## Task description
Retrieve every line from the records in which the word "want" occurs.

## Information
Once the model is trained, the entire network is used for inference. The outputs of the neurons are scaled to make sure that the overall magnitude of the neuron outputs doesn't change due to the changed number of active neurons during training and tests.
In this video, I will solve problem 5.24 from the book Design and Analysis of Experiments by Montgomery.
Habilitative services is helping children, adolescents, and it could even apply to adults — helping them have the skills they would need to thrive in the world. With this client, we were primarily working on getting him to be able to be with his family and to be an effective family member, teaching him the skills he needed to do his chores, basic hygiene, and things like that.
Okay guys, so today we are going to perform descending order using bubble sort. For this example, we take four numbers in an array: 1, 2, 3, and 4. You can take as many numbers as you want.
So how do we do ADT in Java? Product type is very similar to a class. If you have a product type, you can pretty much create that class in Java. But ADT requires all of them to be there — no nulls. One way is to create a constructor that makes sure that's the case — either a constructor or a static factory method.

--

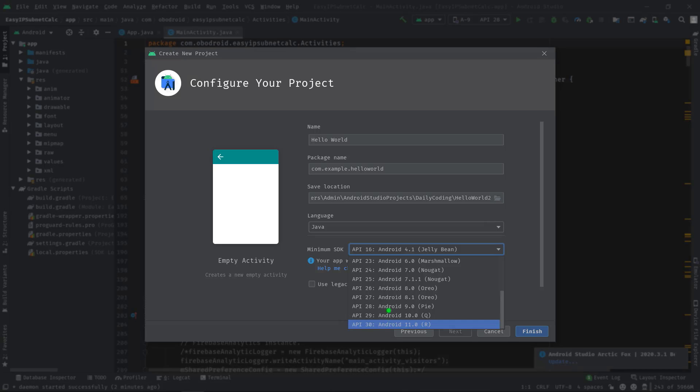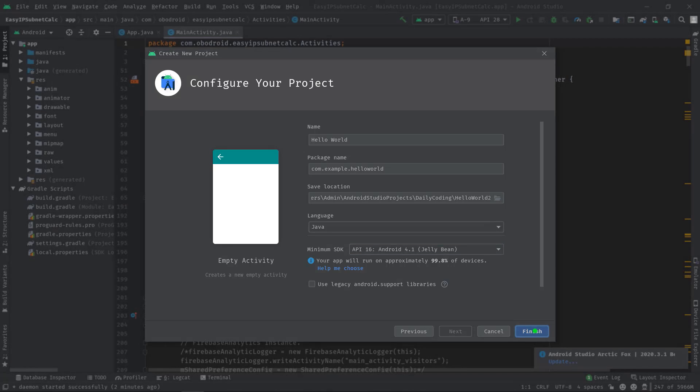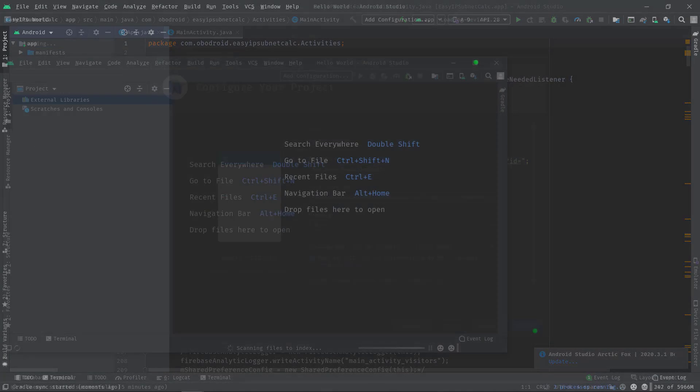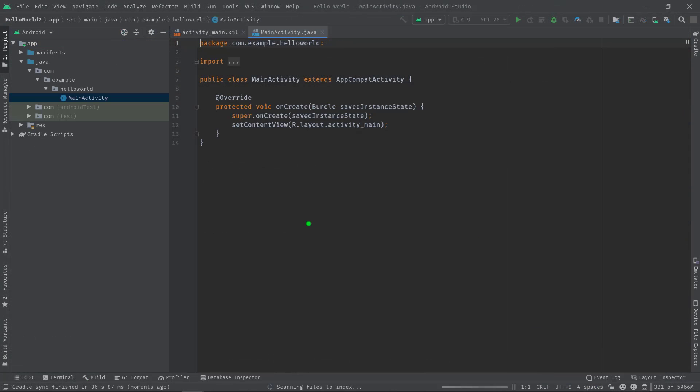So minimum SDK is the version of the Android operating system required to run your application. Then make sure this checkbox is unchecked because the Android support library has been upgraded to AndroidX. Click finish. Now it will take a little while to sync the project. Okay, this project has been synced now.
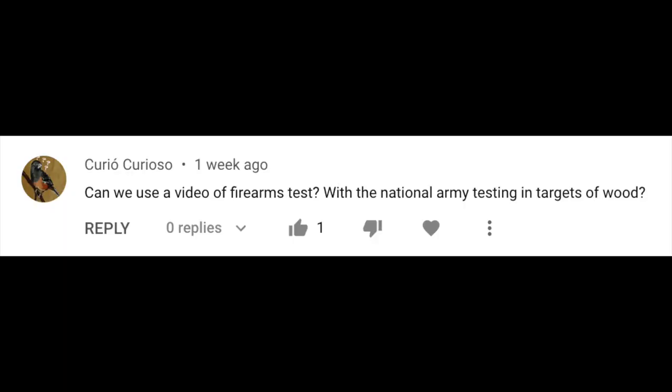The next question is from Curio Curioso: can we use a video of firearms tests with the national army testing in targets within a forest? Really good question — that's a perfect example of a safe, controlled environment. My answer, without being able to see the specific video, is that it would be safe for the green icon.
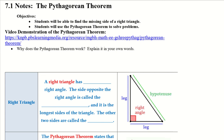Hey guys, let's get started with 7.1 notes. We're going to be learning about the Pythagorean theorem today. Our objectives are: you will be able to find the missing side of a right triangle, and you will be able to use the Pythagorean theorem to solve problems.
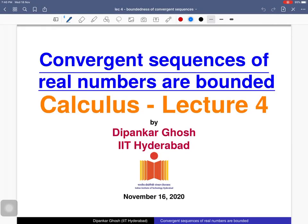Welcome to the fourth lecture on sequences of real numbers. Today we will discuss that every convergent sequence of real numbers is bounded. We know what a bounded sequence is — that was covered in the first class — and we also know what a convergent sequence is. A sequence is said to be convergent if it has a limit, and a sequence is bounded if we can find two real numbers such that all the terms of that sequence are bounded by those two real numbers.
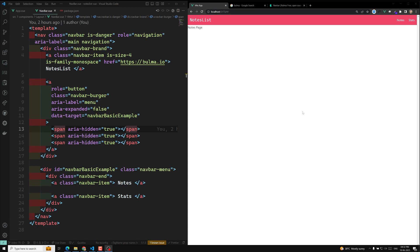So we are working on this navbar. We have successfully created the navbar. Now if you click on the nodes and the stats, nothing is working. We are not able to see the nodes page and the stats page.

==

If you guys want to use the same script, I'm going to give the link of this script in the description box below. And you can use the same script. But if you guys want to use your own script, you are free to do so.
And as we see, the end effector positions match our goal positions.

## Exercise answer
Okay guys, so today we are going to perform descending order using bubble sort. For this example, we take four numbers in an array: 1, 2, 3, and 4. You can take as many numbers as you want.
If you guys want to use the same script, I'm going to give the link of this script in the description box below. And you can use the same script. But if you guys want to use your own script, you are free to do so.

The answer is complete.